In reworking the form to suit his own intentions Cuaron prolongs that most celebrated element of the large-scale, mass entertainment juggernaut of the multiplex, the set-piece, in to a feature-length extravaganza that reworks the darling/bastard of the medium [delete as applicable] in to a refreshing new beast that has been deconstructed, analysed and rebuilt from the ground up. In recent years, in this age of Nolan and Marvel the tentpole picture has become increasingly complex. The days of the 90 minute-long, self-contained blockbuster seem long gone, with every big picture opening during the summer months destined to be spun off in to a franchise, or to be interwoven with a dozen other movies. It’s refreshing then, that Cuaron’s Gravity is the antithesis of that: a tightly woven, fleeting drama that has a definitive climax and occupies it’s own space (pun not intended).
It’s this simplicity that is the ingenious element of the picture. At once a bold, formalistically driven reinvention of that most well-worn side of the cinema, and yet concurrently wholly accessible to even the most casual of viewer. Formalism often equals form over function or style over substance, but that couldn’t be further from the truth here. While admittedly a little hokey when it comes to the lingering emotional side of things (motivation feels a tad unconvincing) the immediate and visceral emotional damage is raw and affecting. “Intense” is an adjective no doubt soon to be worn out by its association with this film, but that, alongside such related synonyms as “frenzied” and “energetic” are very much at home here.
Cuaron’s use of 3D and computer generated imagery is utterly convincing, and recalls the realisation that one had upon discovering that Stanley Kubrick shot 2001: A Space Odyssey before man went to the moon, in the sense that it’s difficult to comprehend the idea that this is a vision of space produced by a man who hasn’t actually ventured there.

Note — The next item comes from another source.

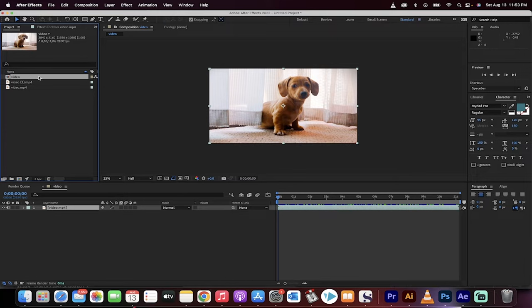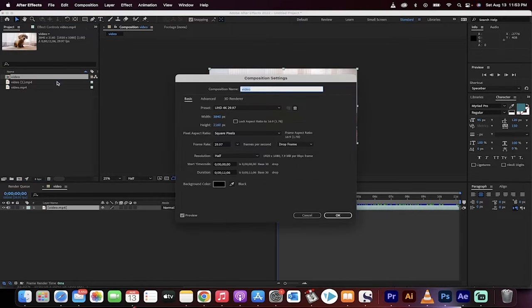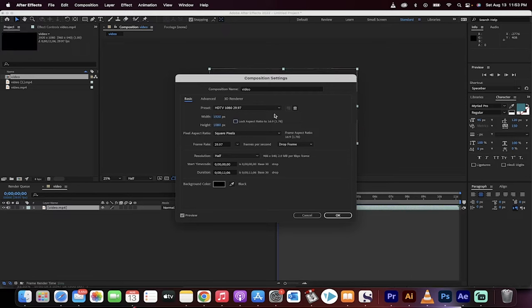All you have to do is just right-click here and go to composition settings. Now just type in the numbers that you do want and it will override the natural input settings.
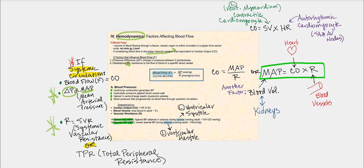We have two ways to measure resistance. We have what's called systemic vascular resistance, and we could also measure it as total peripheral resistance, or TPR. Rather than using either term specifically, we're going to refer to it simply as resistance in general, because what we're trying to do is simplify this. Whether it's systemic vascular resistance or total peripheral resistance, just think resistance — something that resists, hinders, or slows down blood flow.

It carries with it a sense of authenticity and importance, and feels like something genuinely groundbreaking. Whether or not that will be the case remains to be seen (but we suspect that 101 poor imitations are lurking on the horizon). Earth is the film’s great constant and it’s innovative light source. The glow of the collective mankind lights the hapless stragglers stranded in the great silence, in turn encouraging a horror driven by that most ultimate of familiars. While the aesthetics of the picture impress, it is in the sound where the most primordial of feelings are attacked. A lone title of written dialogue informs the viewer that in space no one can hear you scream, quite literally. The vacuumous void of space houses no sound. Dialogue is passed via the man-made radios adorned by the astronauts, and a non-diegetic score signals the action beats, while on-screen sound is filtered through deep bass, resulting in something that is physically felt instead of heard.

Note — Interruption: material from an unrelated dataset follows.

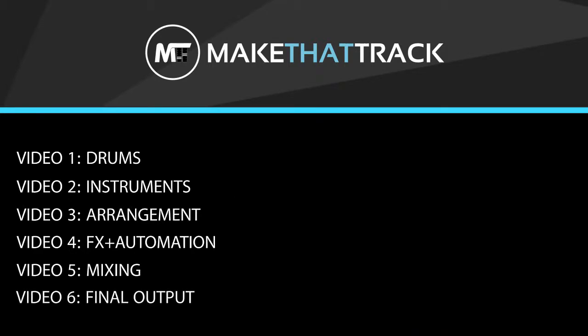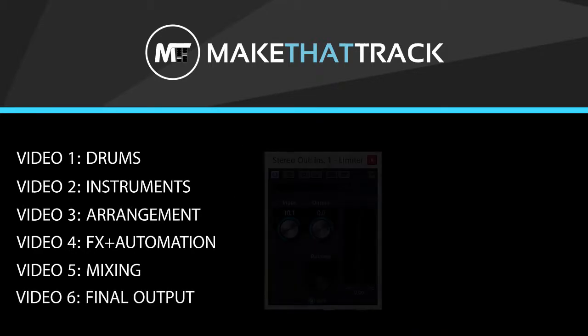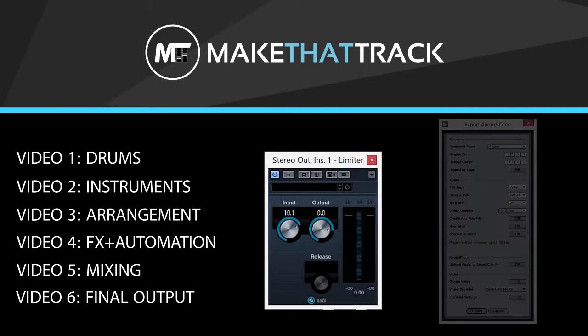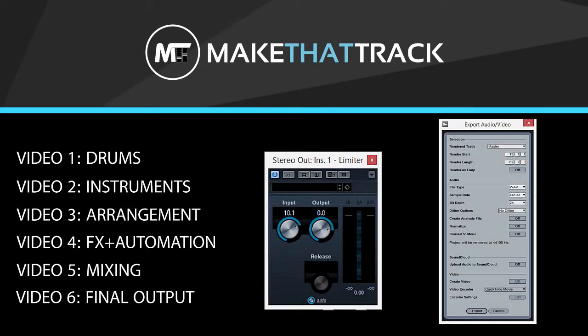Final Output. Getting your song up to its maximum volume so you can export and listen to your track on other playback systems.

Interestingly Cuaron cites a pair of diverse prison break movies as two of the key pieces of inspiration for his quiet space epic (“quiet space epic” earning both a literal and figuritive attachment here). Robert Bresson’s A Man Escaped is named as one such influence (as is Andrey Konchalovskiy’s Runaway Train), and while Cuaron’s film lacks the unquestionable sense of faith and reason that the narrative of the Bresson film intertwines itself with wholly, it remains an interesting element of contextualisation. The in-the-moment emotional response that one ought feel during Gravity is akin to the stomach-in-knot adrenaline driven urgency as the Bresson movie, even if an overwrought final couple of minutes ultimate rob the Cuaron film of the sheer matter-of-fact “hurrah!” of A Man Escaped.